The Delhi High Court has directed that authorities in the national capital will not permit the felling of trees for house construction projects. This move extends a previous order dated August 31, in which the Delhi government had stated that no individual permissions for tree felling would be granted. Only essential projects requiring tree felling will be considered and must be reported to the court.
Justice Jasmeet Singh gave Anupam Srivastava, the Delhi government’s additional standing counsel, two weeks to file a detailed report on the status of transplanted and replanted trees in the city. The court wants to know if the transplantation or replantation of trees has been successful.
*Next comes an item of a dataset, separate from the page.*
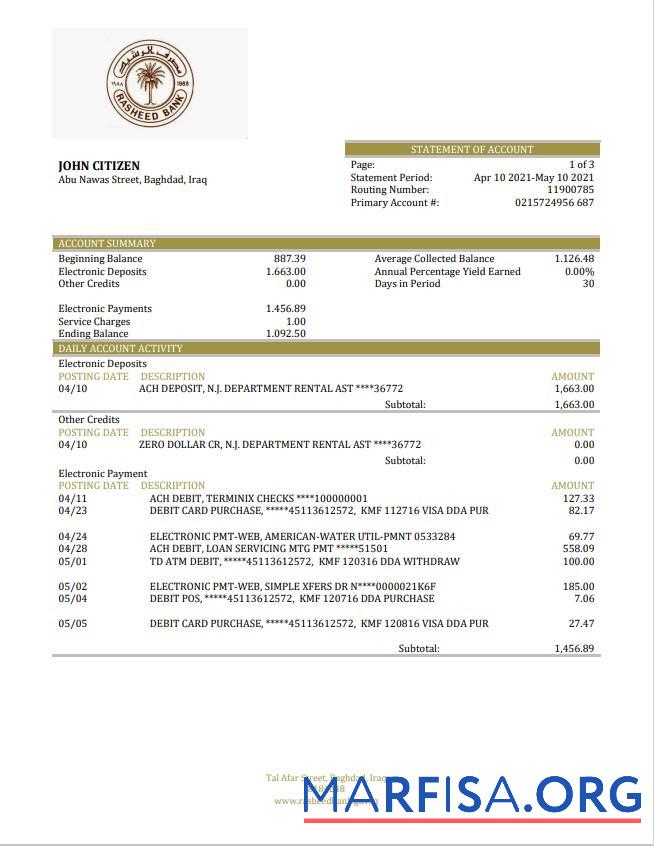 Downloadable Iraq Rasheed bank statement word real example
“In the meantime, the directions contained in the August 31 order shall continue. No permission shall be granted for felling of trees in respect of construction of houses,” Justice Singh stated. The matter has been scheduled for further hearing on October 6.
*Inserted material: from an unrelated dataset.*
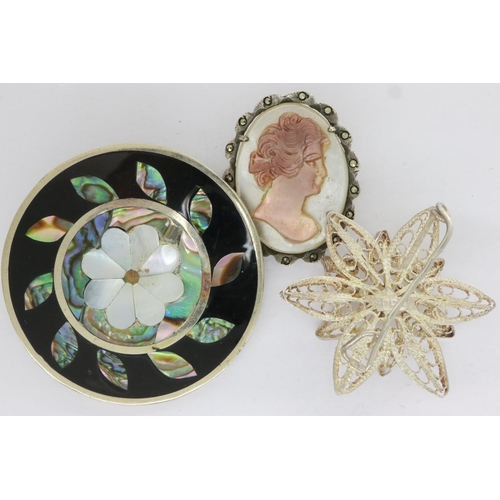 6 - Three silver brooches including a cameo example, largest D: 40 mm. UK P&P Group 1 (£16+VAT for the f...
The court’s latest directive came in response to a petition that sought action against officers who were not complying with an April 2022 order from the court. This earlier order required authorities to “spell out the reasons for felling of even a single tree.”
Petitioner Bhavreen Khandari’s lawyer, Aditya N Prasad, filed an application for an early hearing of the contempt plea, alleging that authorities were “recklessly granting permission for felling of trees.”
After examining the permissions that had been given for tree felling, the High Court noted on August 31 that there appeared to be a “total non-application of mind” in granting these permissions. Some of the permits had even been issued to individuals simply for the sake of creating parking spaces for their vehicles.
The petitioner’s counsel had previously pointed out that he found 57 orders where felling or transplantation permissions had been granted merely because the trees were obstructing proposed construction projects.
This recent ruling by the Delhi High Court serves as an urgent call for sustainable development practices. By extending its August 31 order, the court is sending a clear message that environmental conservation should be a priority and should not be compromised for construction activities. The court’s decision has now set a legal precedent that underscores the significance of balancing development with environmental considerations.